◆ Your task
Copy the data exactly from the line that contains "gold AE86 Japanese" through the line that contains "Suporte Painel Festa", keeping both end lines and leaving out everything else.

──────────────────────────────

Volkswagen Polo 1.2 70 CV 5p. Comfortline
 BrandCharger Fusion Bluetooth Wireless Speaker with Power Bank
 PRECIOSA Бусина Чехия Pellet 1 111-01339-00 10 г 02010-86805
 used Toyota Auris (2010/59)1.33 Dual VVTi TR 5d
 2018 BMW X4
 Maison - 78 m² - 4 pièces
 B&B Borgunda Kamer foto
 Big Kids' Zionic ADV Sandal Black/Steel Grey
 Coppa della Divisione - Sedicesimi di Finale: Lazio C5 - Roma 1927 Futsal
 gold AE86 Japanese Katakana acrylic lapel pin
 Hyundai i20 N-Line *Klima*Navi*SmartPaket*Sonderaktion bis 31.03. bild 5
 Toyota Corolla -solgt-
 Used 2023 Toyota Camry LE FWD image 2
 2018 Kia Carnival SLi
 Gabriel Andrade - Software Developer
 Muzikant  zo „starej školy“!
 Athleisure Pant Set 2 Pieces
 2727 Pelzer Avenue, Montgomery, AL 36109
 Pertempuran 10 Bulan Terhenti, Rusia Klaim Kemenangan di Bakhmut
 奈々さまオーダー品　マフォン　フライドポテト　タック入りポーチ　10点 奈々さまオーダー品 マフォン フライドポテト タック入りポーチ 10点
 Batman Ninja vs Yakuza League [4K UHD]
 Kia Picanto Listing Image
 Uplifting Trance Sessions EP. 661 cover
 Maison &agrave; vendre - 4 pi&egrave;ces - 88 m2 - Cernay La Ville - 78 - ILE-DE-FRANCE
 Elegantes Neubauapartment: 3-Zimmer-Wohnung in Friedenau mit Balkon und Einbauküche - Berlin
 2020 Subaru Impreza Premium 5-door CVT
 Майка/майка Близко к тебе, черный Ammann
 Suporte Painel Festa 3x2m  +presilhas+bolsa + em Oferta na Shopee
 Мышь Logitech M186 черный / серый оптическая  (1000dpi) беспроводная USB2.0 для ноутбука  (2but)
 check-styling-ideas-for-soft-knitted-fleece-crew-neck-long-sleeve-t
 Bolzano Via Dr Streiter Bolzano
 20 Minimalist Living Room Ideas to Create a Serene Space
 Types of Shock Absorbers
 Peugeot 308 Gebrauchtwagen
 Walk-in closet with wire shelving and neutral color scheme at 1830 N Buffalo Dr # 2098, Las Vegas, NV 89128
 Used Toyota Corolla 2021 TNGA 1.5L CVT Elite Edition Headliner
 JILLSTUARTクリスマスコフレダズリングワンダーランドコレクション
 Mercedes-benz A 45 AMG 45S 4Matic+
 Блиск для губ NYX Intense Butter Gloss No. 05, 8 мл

──────────────────────────────

◆ Result of the task
 gold AE86 Japanese Katakana acrylic lapel pin
 Hyundai i20 N-Line *Klima*Navi*SmartPaket*Sonderaktion bis 31.03. bild 5
 Toyota Corolla -solgt-
 Used 2023 Toyota Camry LE FWD image 2
 2018 Kia Carnival SLi
 Gabriel Andrade - Software Developer
 Muzikant  zo „starej školy“!
 Athleisure Pant Set 2 Pieces
 2727 Pelzer Avenue, Montgomery, AL 36109
 Pertempuran 10 Bulan Terhenti, Rusia Klaim Kemenangan di Bakhmut
 奈々さまオーダー品　マフォン　フライドポテト　タック入りポーチ　10点 奈々さまオーダー品 マフォン フライドポテト タック入りポーチ 10点
 Batman Ninja vs Yakuza League [4K UHD]
 Kia Picanto Listing Image
 Uplifting Trance Sessions EP. 661 cover
 Maison &agrave; vendre - 4 pi&egrave;ces - 88 m2 - Cernay La Ville - 78 - ILE-DE-FRANCE
 Elegantes Neubauapartment: 3-Zimmer-Wohnung in Friedenau mit Balkon und Einbauküche - Berlin
 2020 Subaru Impreza Premium 5-door CVT
 Майка/майка Близко к тебе, черный Ammann
 Suporte Painel Festa 3x2m  +presilhas+bolsa + em Oferta na Shopee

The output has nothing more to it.